L’Unione Europea è un ostacolo alla crescita o un’opportunità per le nostre aziende?
«L’Export italiano ha un saldo commerciale positivo di oltre 120 miliardi di euro. In sintesi esportiamo più di quanto importiamo. Rappresentiamo la quota del 2,8% del commercio mondiale. E i Paesi Ue fanno la parte del leone a riprova che l’Unione non può che essere un’opportunità per le aziende italiane. Ma non si può negare che il rapporto con Bruxelles, oggi, contenga forti criticità. Con l’ultima finanziaria abbiamo sforato rispetto alle attese del parametro deficit-Pil. A ciò si deve aggiungere la volontà di salvaguardare la tenuta del nostro sistema bancario attraverso l’intervento statale. Inoltre pesa enormemente l’emergenza migranti dove il governo non ha saputo operare con efficienza e prontezza. Il nostro debito pubblico, pari al 135%, non aiuta sicuramente. Il debito della Germania è pari al 68% del Pil mentre la Francia è al 100%. Siamo la terza economia europea ma primeggiamo nel debito pubblico. In tutta risposta Renzi ha bloccato il bilancio comunitario. L’impressione è che i partner ci chiederanno di rimuovere il veto, mettere in sicurezza i conti, contenere il debito. E tutto questo alla svelta».

Quale potrebbe essere un segnale positivo che viene dall’Europa?

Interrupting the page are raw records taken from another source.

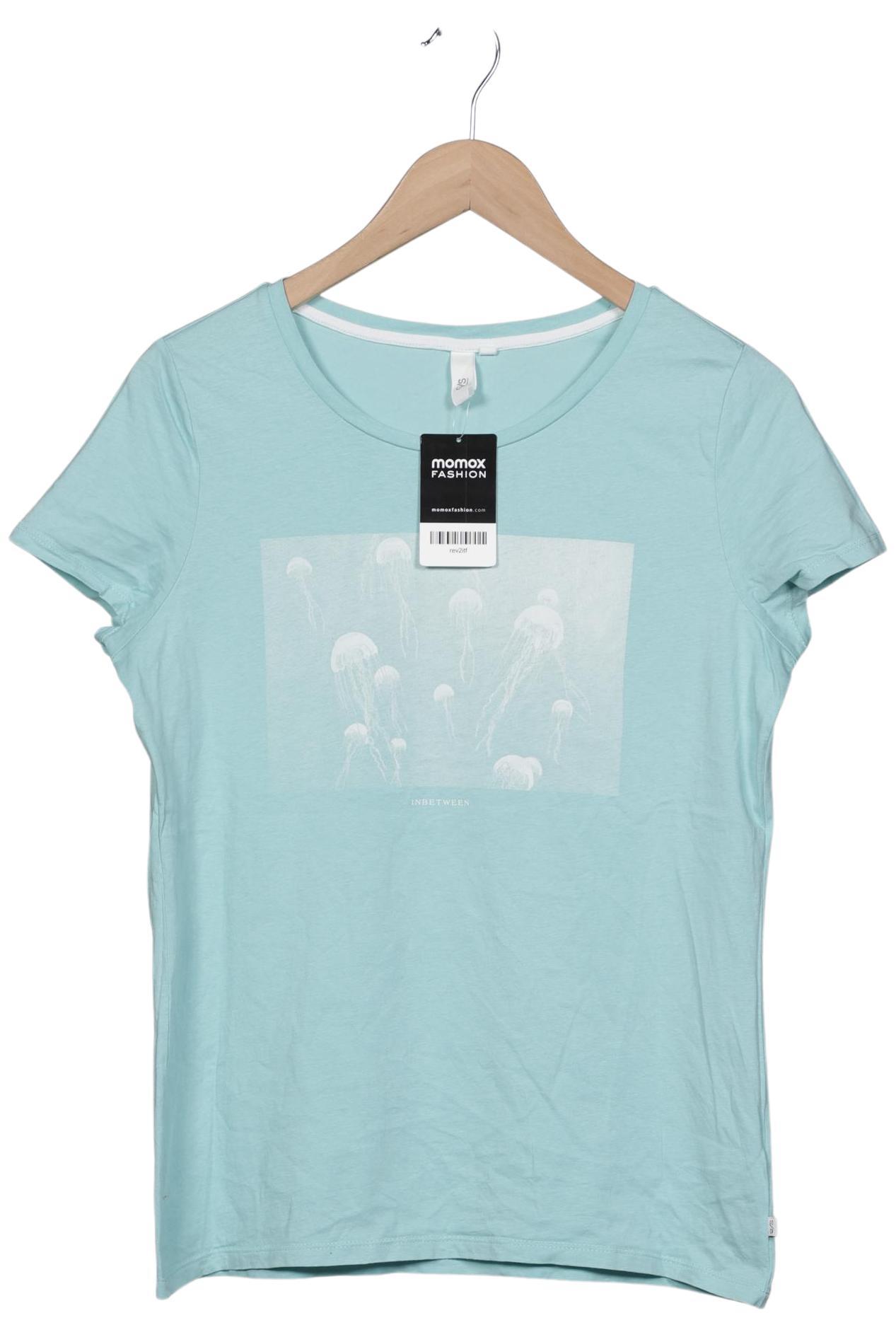 

QS by s.Oliver Damen T-Shirt, blau, Gr. 42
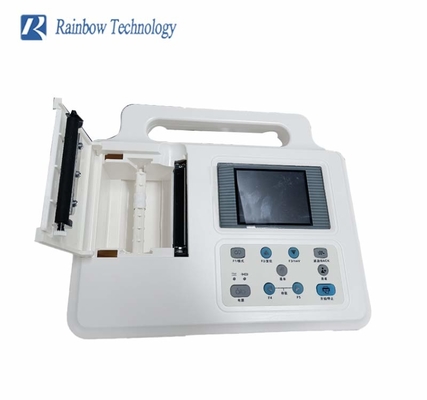 Appareil d'électrocardiogramme portable avec dérivations simples/multiples Poids léger/moyen/lourd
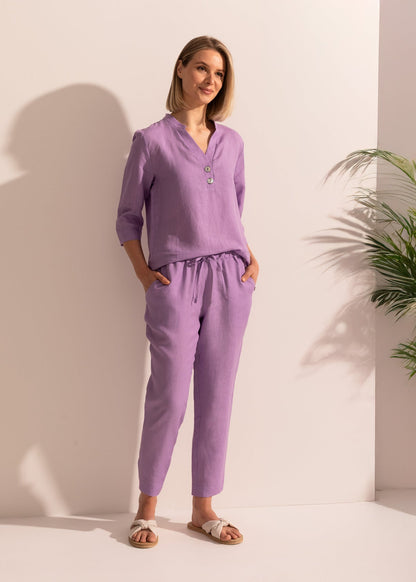 Pantaloni Damă Pure Linen
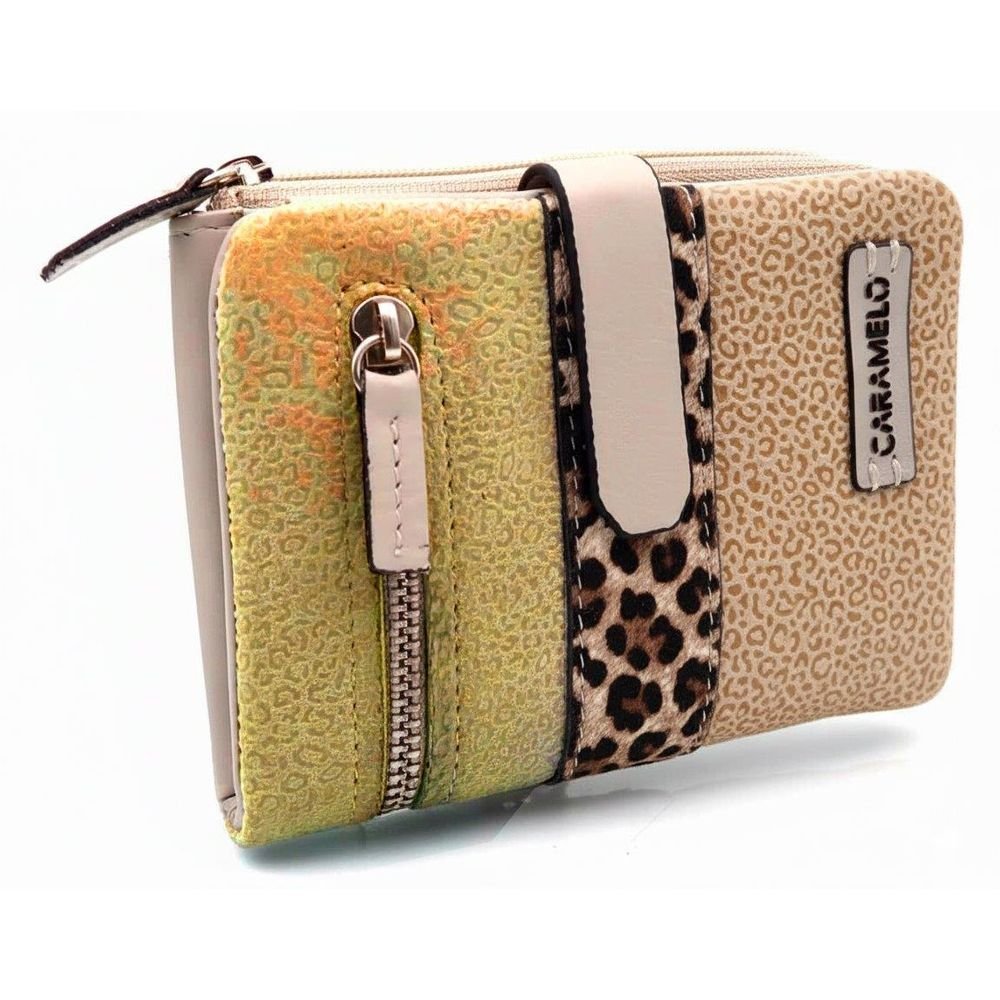 Cartera Piel Print Pony Leo Camel 12x9 cm CARAMELO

«Potrebbero essere due. Nel consiglio europeo che ha visto l’esordio di Paolo Gentiloni abbiamo assistito alla riconferma delle sanzioni contro la Russia fino a metà del 2017. Alle nostre aziende sono già costate 3,6 miliardi di euro. Vanno abolite il prima possibile. Un altro segnale incoraggiante potrebbe essere l’elezione di Antonio Tajani a presidente del parlamento europeo. Visto il modo con cui ha sempre interpretato la sua azione politica mai disgiunta dalle vere necessità delle imprese, sarebbe un motivo di speranza per il tessuto produttivo del nostro Paese che ha bisogno di individuare nell’Unione Europea un soggetto pronto a comprendere le esigenze di chi intraprende, rischia in proprio, e ha l’obbiettivo di realizzare prosperità per sé e per gli altri. Sarebbe anche il modo migliore per riaffermare l’importanza del nostro Paese dentro l’edificio comunitario. L’Italia, da troppo tempo, è sottostimata con il risultato che molto spesso le politiche stabilite da Bruxelles ci risultano indifferenti o, peggio, direttamente ostili».